• INFORMATION
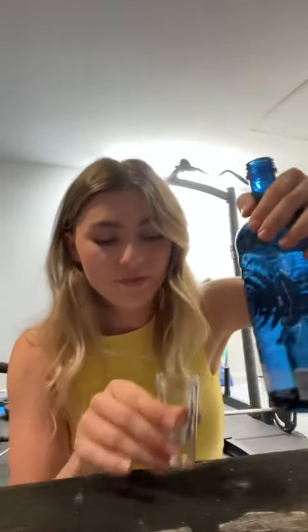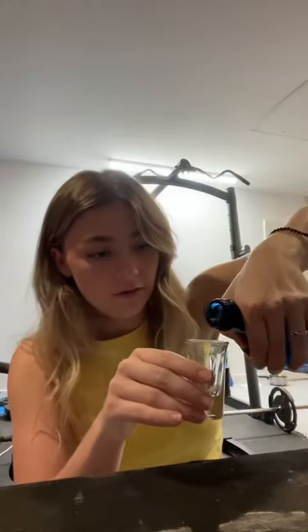Hi, today I'm going to be showing you how to take a shot the right way. First, you get your vodka or any kind of straight alcohol you have — the shot's ready. What you want to do is take the shot with your nose blocked.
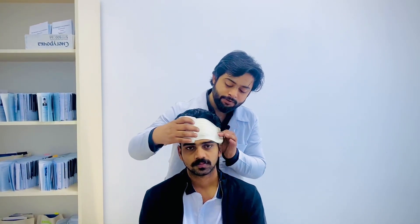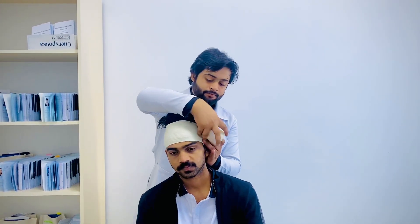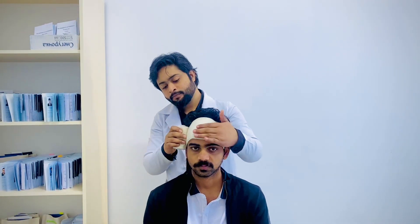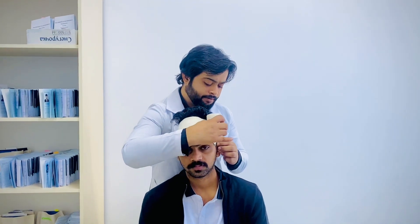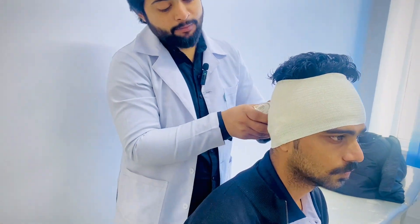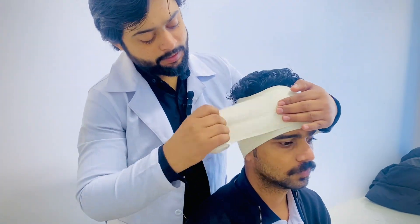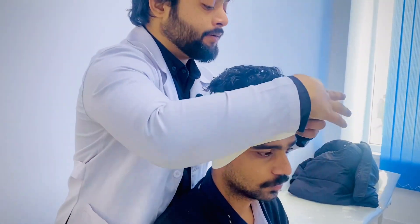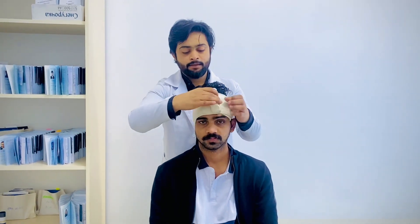For this bandage you must make two circulations across the head like this. After completing the two circulations, just take a turn towards the injured ear like this and again move towards the head. The second circulation covers the minimal portion of the ear, and in the last step make two circulations and fix it in the posterior side.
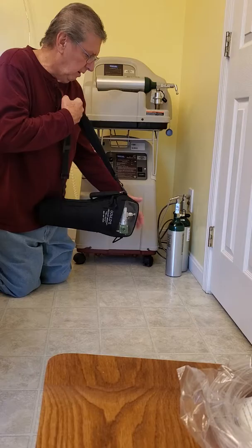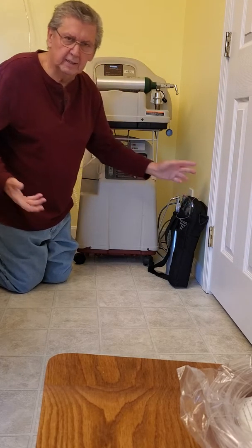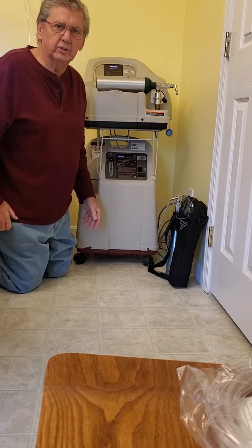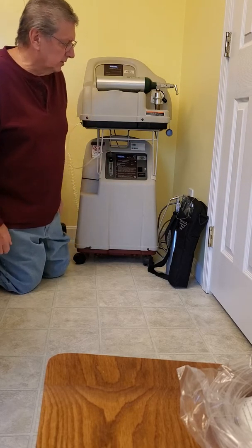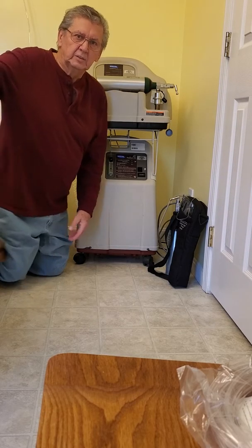So that's just some quick and easy tips on what I recommend you have if you're on home oxygen therapy and if you want to take a short trip somewhere. Thank you, and y'all have a good day.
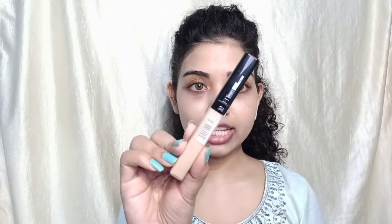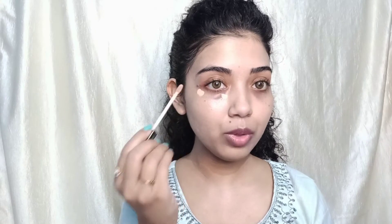Now it is time for concealer. I'm using the Maybelline Fit Me Concealer in shade Light 10. I'll apply it in the usual places. Apply just a little bit — it goes a long way and you only need a small quantity. Apply it lightly wherever you have patches or spots, then blend it with a beauty blender. You can see the difference — there are no patches and it has hidden my spots beautifully.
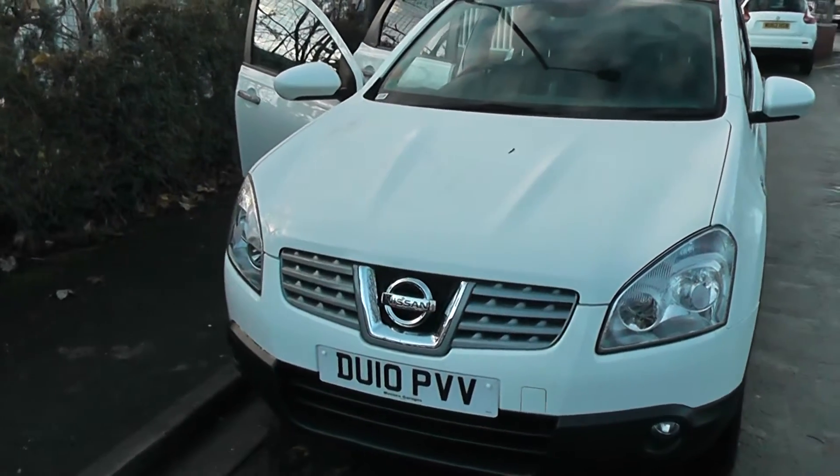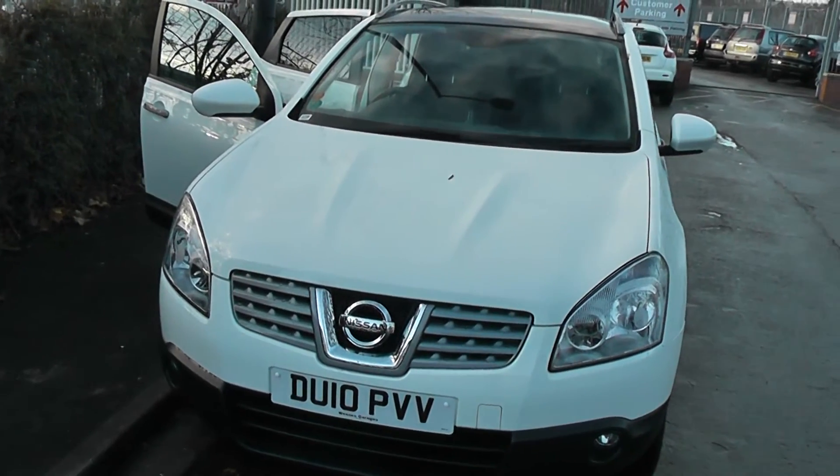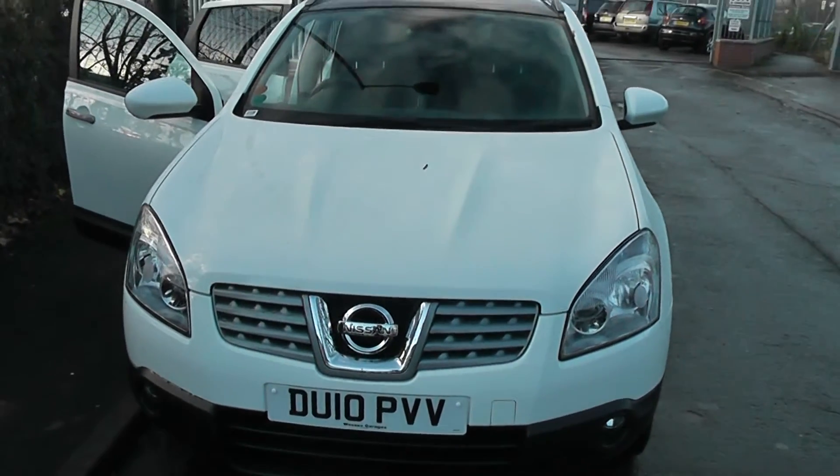This vehicle is in tax band H, which equates to £195 per year, and in insurance group 22.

• EXERCISE OBJECTIVE
Once the line with "For this bandage" is found above, transcribe each line from it through the line with "So that's just", exactly, and omit the pictures.

• WRITTEN SOLUTION
For this bandage you must make two circulations across the head like this. After completing the two circulations, just take a turn towards the injured ear like this and again move towards the head. The second circulation covers the minimal portion of the ear, and in the last step make two circulations and fix it in the posterior side.
So that's just some quick and easy tips on what I recommend you have if you're on home oxygen therapy and if you want to take a short trip somewhere. Thank you, and y'all have a good day.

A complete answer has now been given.